• _Recorded data_:
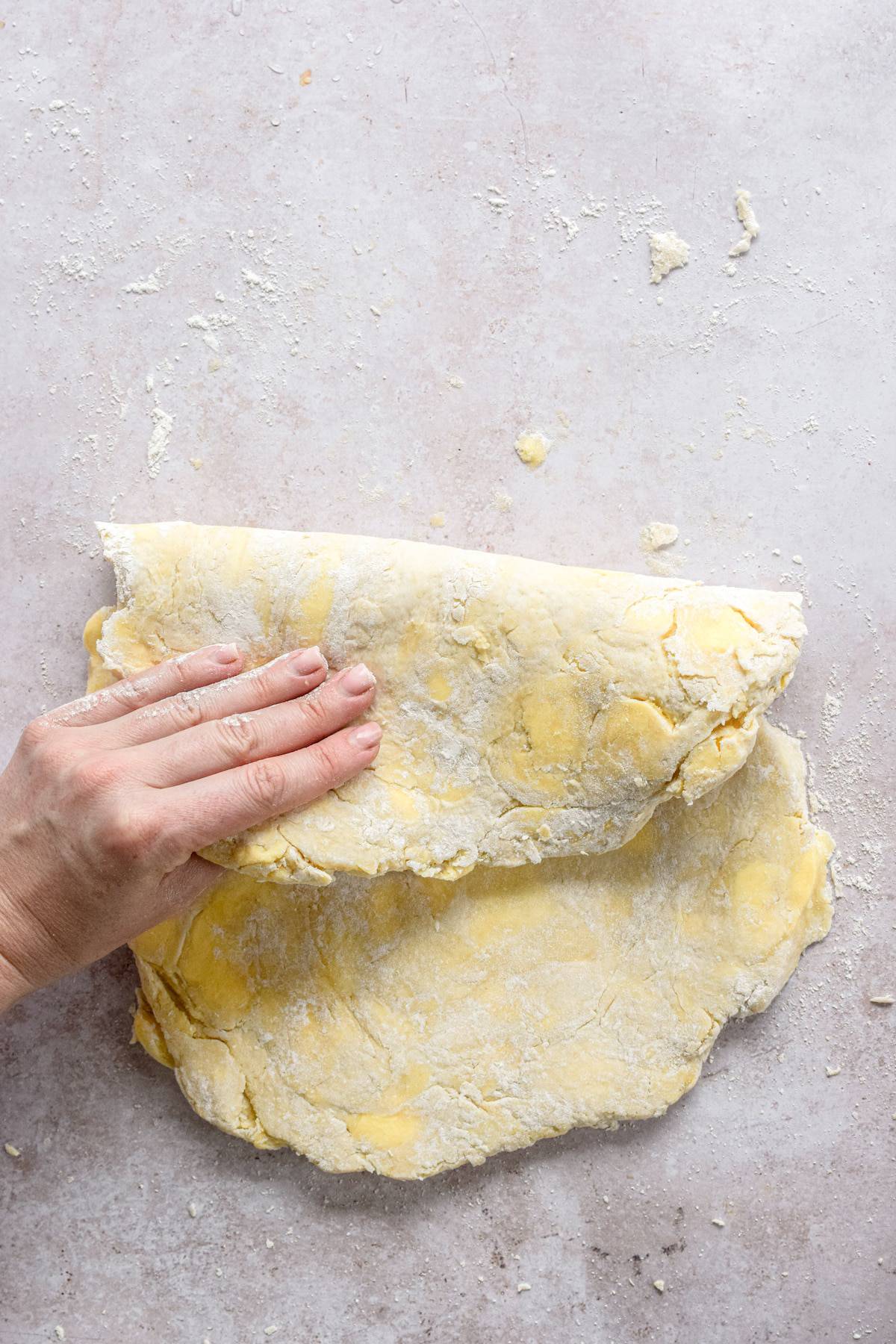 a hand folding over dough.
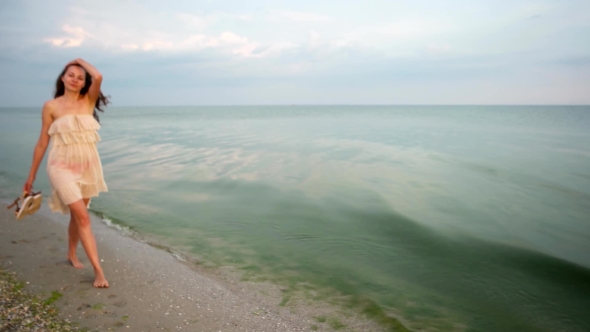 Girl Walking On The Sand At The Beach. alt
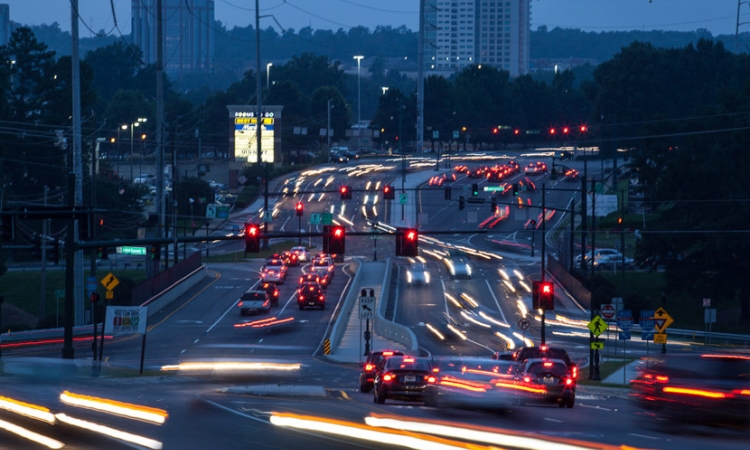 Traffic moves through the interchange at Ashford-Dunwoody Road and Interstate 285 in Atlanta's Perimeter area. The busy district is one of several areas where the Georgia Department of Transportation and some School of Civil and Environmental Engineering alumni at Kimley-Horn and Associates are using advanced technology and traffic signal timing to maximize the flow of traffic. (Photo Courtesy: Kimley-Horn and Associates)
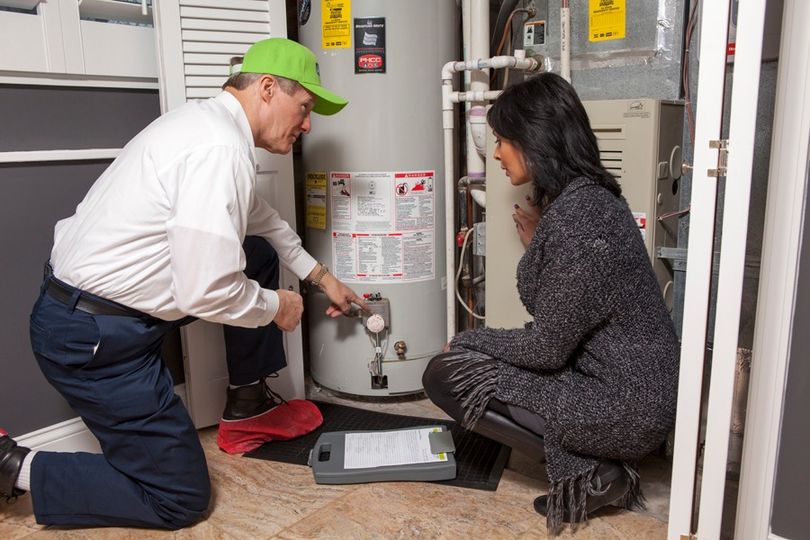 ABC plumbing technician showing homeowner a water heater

• _Work order_: Leave out the pictures, and retype exactly the lines from the one containing "Girl Walking On The Sand At The Beach. alt" through the last line of the data above, no more and no less.

• _Result for this exercise_:
 Girl Walking On The Sand At The Beach. alt
 Traffic moves through the interchange at Ashford-Dunwoody Road and Interstate 285 in Atlanta's Perimeter area. The busy district is one of several areas where the Georgia Department of Transportation and some School of Civil and Environmental Engineering alumni at Kimley-Horn and Associates are using advanced technology and traffic signal timing to maximize the flow of traffic. (Photo Courtesy: Kimley-Horn and Associates)
 ABC plumbing technician showing homeowner a water heater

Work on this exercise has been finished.